Both methods are trying to get at the same underlying idea, what is this business actually worth, but they get there from opposite directions. DCF builds the number from the ground up, using nothing but the company's own expected future performance. Multiples borrow the number from the market's current opinion of comparable businesses, on the assumption that similar businesses should trade at similar valuations.
How a DCF actually works
You forecast a business's free cash flow for a number of years out, estimate a terminal value for everything beyond that window, and then discount the whole stream back to the present using a rate that reflects the riskiness of those cash flows. Every one of those inputs is an assumption, and DCF models are notoriously sensitive to them. Nudge the discount rate down by a percentage point or two, or push the growth assumption out a few more years, and the resulting value can move by a wide margin. The rigor of the method is real, but it can create a false sense of precision if you forget how much the output depends on inputs you're essentially guessing at.

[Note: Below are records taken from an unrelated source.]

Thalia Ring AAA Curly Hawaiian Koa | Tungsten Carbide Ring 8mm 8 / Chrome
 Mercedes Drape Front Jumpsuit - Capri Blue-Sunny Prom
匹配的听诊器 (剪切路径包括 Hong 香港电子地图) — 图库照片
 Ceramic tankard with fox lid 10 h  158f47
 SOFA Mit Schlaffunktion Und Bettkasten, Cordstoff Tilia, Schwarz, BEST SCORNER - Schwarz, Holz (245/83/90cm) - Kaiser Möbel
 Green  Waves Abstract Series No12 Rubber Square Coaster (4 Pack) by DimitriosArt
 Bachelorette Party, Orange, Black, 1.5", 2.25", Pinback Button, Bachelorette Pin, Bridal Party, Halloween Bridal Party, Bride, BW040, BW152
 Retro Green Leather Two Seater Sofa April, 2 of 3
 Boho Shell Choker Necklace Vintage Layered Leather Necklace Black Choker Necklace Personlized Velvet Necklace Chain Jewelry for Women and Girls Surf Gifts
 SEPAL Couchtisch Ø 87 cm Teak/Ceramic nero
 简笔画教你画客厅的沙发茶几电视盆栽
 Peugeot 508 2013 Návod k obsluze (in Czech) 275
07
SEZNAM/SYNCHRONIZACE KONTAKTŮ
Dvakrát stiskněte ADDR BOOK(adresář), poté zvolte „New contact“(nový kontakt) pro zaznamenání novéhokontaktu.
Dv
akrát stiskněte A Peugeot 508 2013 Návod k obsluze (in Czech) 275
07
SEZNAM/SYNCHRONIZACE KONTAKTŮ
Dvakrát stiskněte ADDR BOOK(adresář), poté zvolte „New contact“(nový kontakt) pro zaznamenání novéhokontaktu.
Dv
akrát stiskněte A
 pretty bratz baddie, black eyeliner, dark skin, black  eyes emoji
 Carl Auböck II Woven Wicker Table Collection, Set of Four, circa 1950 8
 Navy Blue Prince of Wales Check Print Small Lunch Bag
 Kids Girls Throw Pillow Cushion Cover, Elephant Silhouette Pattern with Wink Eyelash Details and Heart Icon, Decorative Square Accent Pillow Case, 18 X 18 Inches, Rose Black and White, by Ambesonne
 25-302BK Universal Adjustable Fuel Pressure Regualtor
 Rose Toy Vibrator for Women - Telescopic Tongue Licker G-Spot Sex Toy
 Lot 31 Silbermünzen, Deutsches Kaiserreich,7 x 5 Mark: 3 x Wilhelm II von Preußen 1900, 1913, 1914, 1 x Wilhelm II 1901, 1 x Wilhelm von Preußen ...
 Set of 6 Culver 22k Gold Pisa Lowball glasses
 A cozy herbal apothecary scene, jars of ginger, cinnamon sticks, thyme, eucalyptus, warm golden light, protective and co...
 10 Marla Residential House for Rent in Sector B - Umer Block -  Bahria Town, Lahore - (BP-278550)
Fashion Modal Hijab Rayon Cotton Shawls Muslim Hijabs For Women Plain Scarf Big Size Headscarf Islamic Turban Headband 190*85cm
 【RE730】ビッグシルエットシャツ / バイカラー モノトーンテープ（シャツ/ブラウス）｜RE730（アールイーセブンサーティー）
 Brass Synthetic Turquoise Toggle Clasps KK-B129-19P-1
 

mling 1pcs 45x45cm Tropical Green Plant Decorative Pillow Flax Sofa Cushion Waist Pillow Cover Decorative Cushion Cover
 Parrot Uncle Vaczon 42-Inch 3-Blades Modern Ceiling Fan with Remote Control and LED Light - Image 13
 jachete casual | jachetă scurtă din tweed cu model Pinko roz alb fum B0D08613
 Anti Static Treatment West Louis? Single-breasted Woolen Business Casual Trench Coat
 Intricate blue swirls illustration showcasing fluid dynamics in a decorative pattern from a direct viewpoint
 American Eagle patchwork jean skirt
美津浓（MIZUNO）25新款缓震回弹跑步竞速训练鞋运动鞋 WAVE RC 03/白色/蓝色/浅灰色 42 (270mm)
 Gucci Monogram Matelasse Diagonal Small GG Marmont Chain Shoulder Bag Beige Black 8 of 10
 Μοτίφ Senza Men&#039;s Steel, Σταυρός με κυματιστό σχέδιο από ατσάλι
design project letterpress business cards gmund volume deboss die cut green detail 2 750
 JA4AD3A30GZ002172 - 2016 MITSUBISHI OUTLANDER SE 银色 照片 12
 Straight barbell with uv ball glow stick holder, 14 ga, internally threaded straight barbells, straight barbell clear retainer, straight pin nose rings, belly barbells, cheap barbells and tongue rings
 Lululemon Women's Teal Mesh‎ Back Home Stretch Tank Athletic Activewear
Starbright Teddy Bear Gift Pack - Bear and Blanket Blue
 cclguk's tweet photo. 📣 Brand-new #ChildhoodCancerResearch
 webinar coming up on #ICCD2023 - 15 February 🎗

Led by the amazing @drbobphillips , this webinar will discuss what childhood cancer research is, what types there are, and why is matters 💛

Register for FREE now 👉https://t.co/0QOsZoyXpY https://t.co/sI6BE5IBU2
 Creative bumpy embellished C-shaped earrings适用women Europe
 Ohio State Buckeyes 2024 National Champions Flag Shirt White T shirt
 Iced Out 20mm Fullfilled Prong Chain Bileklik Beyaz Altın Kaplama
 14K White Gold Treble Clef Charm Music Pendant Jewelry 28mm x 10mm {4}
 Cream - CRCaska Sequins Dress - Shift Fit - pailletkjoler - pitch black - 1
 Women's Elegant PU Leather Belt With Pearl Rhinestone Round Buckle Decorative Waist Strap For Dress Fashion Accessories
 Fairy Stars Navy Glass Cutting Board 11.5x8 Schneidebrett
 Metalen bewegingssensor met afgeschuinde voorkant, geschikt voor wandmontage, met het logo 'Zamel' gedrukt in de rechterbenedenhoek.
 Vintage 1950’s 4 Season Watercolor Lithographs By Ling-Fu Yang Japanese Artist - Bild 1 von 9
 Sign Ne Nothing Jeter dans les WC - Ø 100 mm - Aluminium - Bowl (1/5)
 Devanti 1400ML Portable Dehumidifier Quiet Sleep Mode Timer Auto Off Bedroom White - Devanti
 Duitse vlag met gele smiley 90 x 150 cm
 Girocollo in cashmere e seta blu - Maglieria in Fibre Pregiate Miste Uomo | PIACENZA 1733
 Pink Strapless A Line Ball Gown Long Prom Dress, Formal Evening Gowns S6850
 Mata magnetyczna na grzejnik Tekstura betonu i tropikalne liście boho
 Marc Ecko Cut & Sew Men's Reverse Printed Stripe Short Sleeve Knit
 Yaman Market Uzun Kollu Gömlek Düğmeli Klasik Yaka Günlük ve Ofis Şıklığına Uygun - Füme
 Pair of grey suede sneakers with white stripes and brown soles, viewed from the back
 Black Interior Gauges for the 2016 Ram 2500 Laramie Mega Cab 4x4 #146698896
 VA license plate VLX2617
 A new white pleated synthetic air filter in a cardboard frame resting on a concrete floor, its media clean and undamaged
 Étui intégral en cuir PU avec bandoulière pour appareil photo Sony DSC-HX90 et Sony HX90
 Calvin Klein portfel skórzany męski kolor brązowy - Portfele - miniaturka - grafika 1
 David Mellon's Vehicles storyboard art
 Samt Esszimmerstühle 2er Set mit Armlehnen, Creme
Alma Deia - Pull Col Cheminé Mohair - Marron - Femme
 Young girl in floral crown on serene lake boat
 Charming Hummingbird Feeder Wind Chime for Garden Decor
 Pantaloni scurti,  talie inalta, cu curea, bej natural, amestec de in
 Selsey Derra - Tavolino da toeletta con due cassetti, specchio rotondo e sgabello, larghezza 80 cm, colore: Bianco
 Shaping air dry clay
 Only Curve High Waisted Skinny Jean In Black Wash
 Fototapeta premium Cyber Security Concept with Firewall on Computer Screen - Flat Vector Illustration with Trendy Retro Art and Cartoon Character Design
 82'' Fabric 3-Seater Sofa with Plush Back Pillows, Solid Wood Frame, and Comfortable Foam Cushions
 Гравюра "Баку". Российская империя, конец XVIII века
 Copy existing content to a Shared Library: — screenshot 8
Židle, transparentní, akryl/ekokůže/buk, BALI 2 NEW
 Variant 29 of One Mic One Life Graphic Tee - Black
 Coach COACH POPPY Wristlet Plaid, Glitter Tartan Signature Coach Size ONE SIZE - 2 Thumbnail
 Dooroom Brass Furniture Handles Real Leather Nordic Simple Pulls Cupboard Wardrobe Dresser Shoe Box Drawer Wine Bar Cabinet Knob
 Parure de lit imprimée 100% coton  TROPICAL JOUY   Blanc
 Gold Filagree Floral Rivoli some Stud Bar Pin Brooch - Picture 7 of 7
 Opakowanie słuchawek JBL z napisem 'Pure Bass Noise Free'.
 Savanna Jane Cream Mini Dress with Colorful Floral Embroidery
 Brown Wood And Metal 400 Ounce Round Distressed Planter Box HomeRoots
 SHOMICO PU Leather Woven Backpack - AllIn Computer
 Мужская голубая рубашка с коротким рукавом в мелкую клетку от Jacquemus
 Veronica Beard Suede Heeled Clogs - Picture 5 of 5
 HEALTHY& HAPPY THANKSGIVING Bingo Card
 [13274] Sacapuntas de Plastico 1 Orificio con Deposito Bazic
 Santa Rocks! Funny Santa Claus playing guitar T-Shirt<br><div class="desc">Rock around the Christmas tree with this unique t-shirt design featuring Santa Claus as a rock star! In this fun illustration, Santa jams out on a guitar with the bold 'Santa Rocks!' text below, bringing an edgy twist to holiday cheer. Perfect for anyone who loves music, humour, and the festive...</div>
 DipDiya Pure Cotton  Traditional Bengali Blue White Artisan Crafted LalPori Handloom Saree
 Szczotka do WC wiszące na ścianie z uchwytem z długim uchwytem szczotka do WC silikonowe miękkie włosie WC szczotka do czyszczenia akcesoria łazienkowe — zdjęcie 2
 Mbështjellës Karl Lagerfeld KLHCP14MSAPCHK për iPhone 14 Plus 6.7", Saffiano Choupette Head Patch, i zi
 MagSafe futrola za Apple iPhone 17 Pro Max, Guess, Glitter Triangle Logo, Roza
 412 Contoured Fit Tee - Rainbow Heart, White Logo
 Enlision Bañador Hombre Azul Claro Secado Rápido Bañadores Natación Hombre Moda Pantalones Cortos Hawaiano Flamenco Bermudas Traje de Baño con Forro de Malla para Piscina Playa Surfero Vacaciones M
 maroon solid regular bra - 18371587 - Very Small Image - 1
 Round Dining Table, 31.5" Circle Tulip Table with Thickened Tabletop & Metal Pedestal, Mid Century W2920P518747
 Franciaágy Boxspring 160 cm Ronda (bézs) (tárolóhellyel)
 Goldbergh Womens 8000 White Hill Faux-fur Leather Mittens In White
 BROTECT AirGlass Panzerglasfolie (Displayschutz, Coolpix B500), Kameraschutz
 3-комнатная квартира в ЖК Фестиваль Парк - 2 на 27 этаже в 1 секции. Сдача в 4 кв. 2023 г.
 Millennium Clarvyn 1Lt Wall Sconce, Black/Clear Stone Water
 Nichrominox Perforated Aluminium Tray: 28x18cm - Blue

How a multiples approach actually works
Pick a metric, earnings, revenue, EBITDA, free cash flow, find a group of genuinely comparable businesses, and see what multiple of that metric the market is currently paying for them. Apply a similar multiple to the company you're analyzing and you have a quick estimate of value. It's fast, and it's anchored to real transactions rather than a hypothetical future, which is its main appeal. Its weakness is baked into that same appeal: if the peer group is itself overvalued or undervalued, the multiple you're borrowing carries that mispricing straight into your answer.
- DCF answers 'what is this worth on its own merits,' independent of what the market currently thinks.
- Multiples answer 'what is the market currently willing to pay for something like this,' which isn't the same question.
- A DCF built on unrealistic growth assumptions can justify almost any price, which is why the assumptions deserve more scrutiny than the model's math.
- A multiple applied during a period when an entire sector is overpriced will simply reproduce that overpricing in your estimate.
“Intrinsic value is an estimate rather than a precise figure.”· Berkshire Hathaway Owner's Manual
Where each one tends to break
DCF breaks down fastest on businesses with unpredictable or lumpy cash flow, where a small change in near-term assumptions changes the whole trajectory, and on very early-stage companies where most of the value sits in a terminal value that's really just a guess wearing a formula. Multiples break down fastest during periods when an entire market or sector is being priced by sentiment rather than fundamentals, and on businesses without a genuinely comparable peer group, where the comparison itself is the weak link.
In practice, experienced analysts rarely pick one method and discard the other. A DCF forces you to be explicit about the assumptions driving a business's value, which is a useful discipline even when the output itself is imprecise. A multiples check keeps that DCF honest against what the market is actually paying for similar businesses today, and catches you if your model has quietly drifted into fantasy. Used together, each one catches the other's blind spot.